Captioned web image data
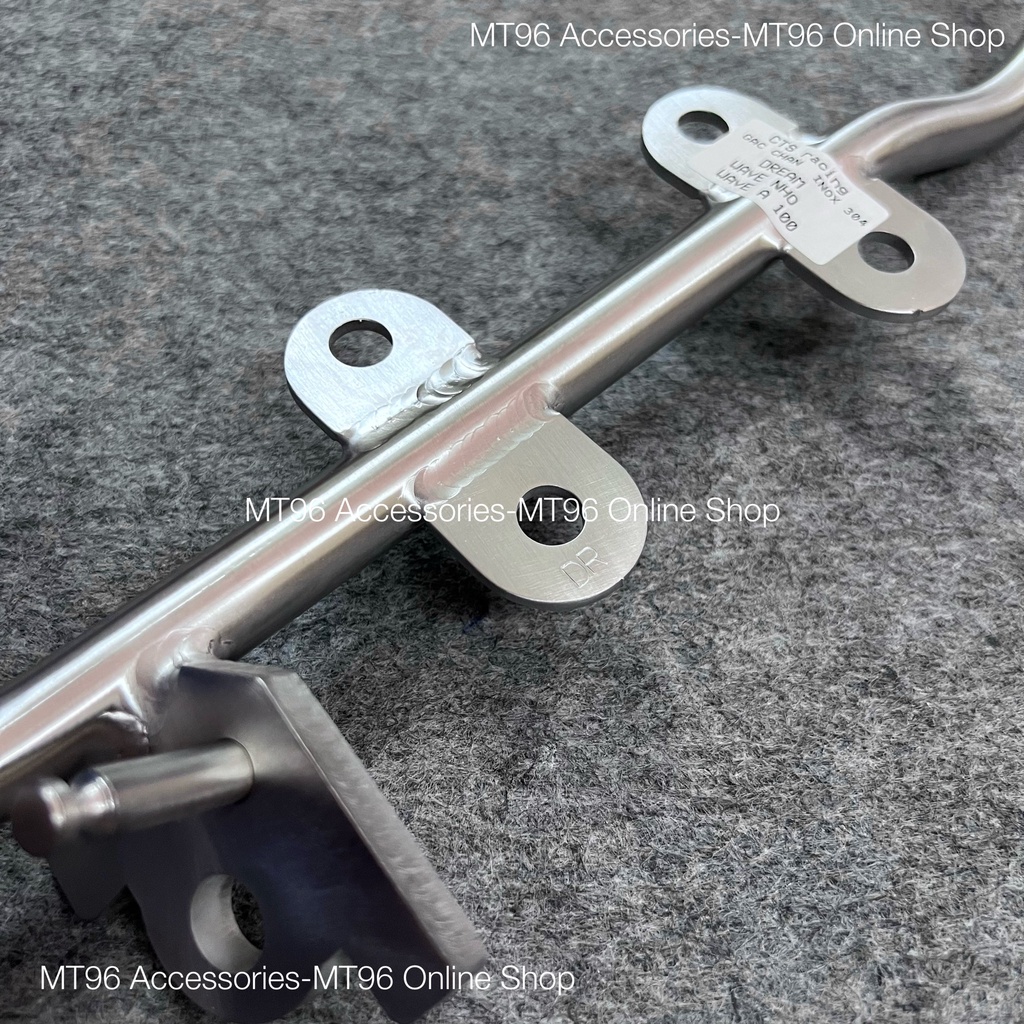 Gác Chân Trước Inox Cho Wave Nhỏ, Wave Thái 110, Wave Zx Chuẩn Inox304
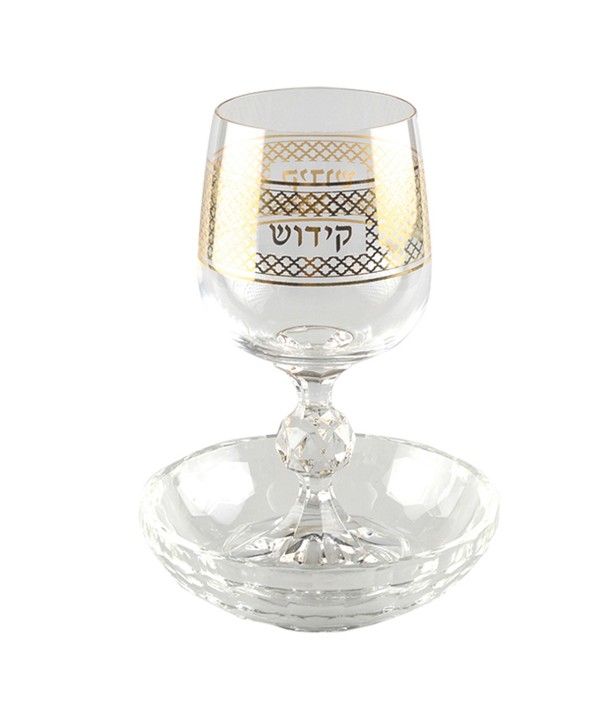 GOLD KIDDUSH GLASS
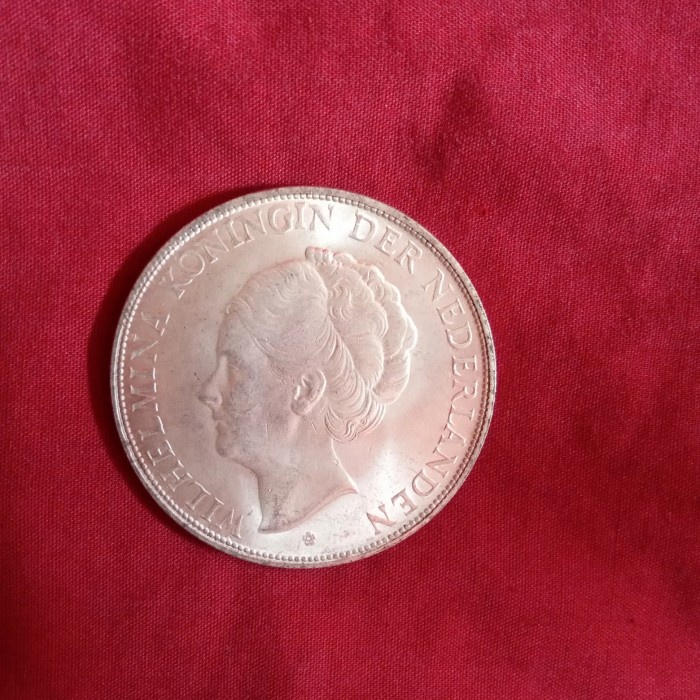 ( REPLIKA ) koin kuno wilhelmina koningin der Nederlanden 2 1/2 Gulden Best Seller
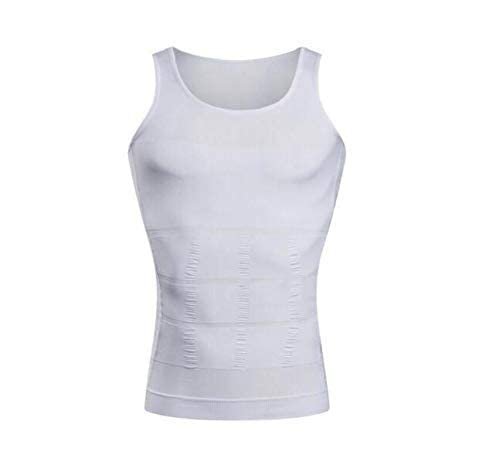 Body Shaper Corset Sleeves Tank Corset Men Corset Abdomen Vest Muscle Body Shaper - XL - White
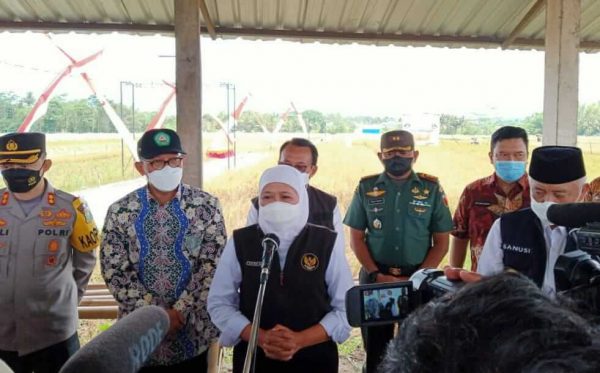 Pastikan Ketahanan Pangan, Gubernur Jatim Tinjauan dan Panen Raya Padi bersama Bupati Malang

◆ **WORK REQUEST**
Every line from the one containing "Body Shaper Corset" through the end of the records is to be returned exactly, and those lines alone; pictures are dropped.

◆ **COMPLETED EXERCISE**
 Body Shaper Corset Sleeves Tank Corset Men Corset Abdomen Vest Muscle Body Shaper - XL - White
 Pastikan Ketahanan Pangan, Gubernur Jatim Tinjauan dan Panen Raya Padi bersama Bupati Malang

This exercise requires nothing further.